■ GIVEN INFORMATION:

[Start of Attachment]

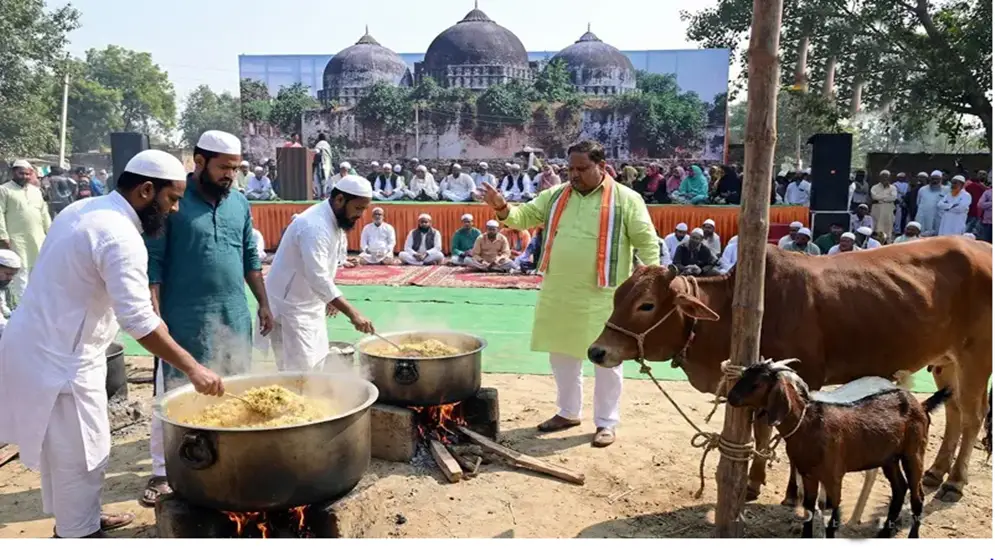 ‘বাবরি মসজিদের’ ভিত্তিপ্রস্তর স্থাপনে ৪০ হাজার মানুষের জন্য বিরিয়ানি রান্না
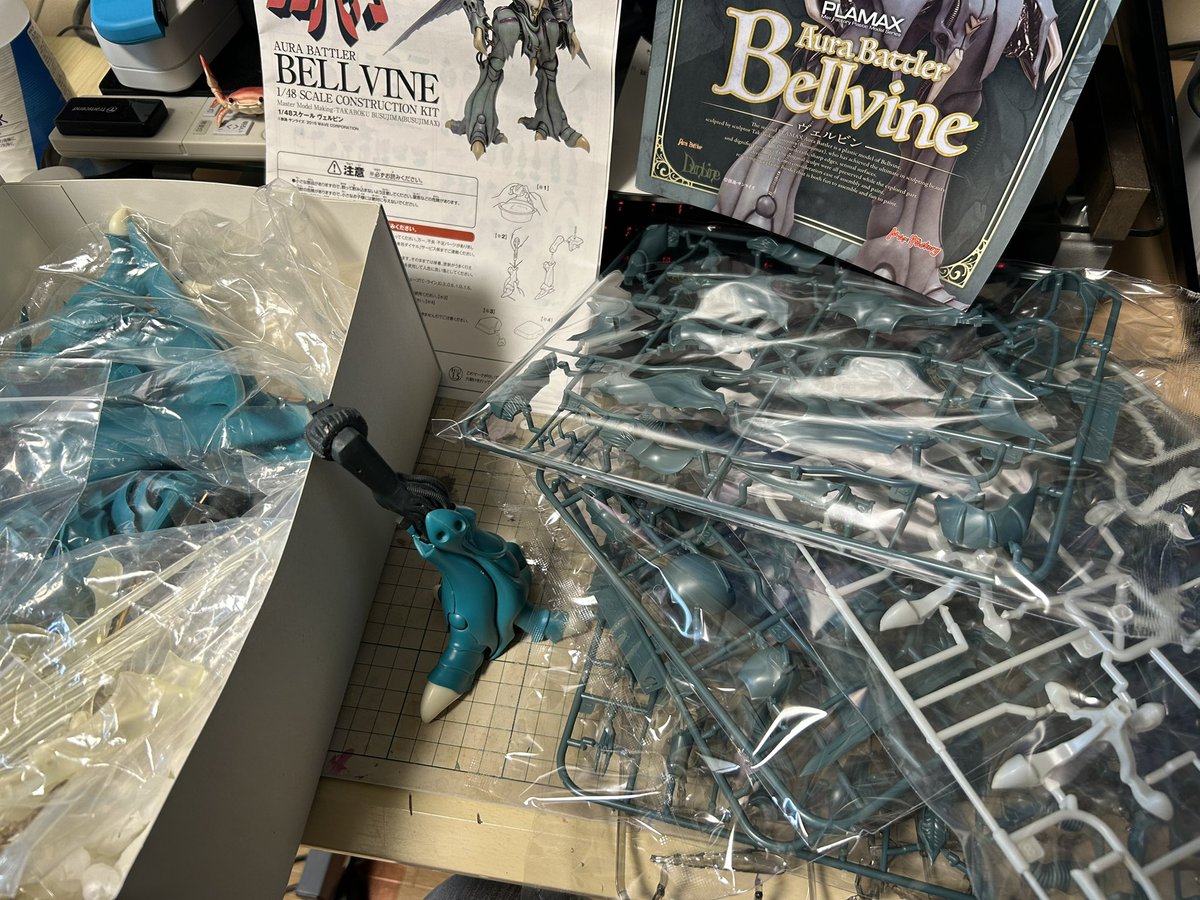 毒島さんのヴェルビン来たので仮組み中だったガレキ引っ張り出してきて満喫中。
頭部ほか各部、ほう、こうきますか。な形状やプラモ化に際する解答もなるほどね〜となって楽しい。
毒島さん、担当さん楽しい時間提供いただき感謝です。😊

[End of Attachment]

Word for word, please, restate the lines of the listing from the one holding "毒島さんのヴェルビン来たので仮組み中だったガレキ引っ張り出してきて満喫中。" down to the last line, leaving out any pictures.

 毒島さんのヴェルビン来たので仮組み中だったガレキ引っ張り出してきて満喫中。
頭部ほか各部、ほう、こうきますか。な形状やプラモ化に際する解答もなるほどね〜となって楽しい。
毒島さん、担当さん楽しい時間提供いただき感謝です。😊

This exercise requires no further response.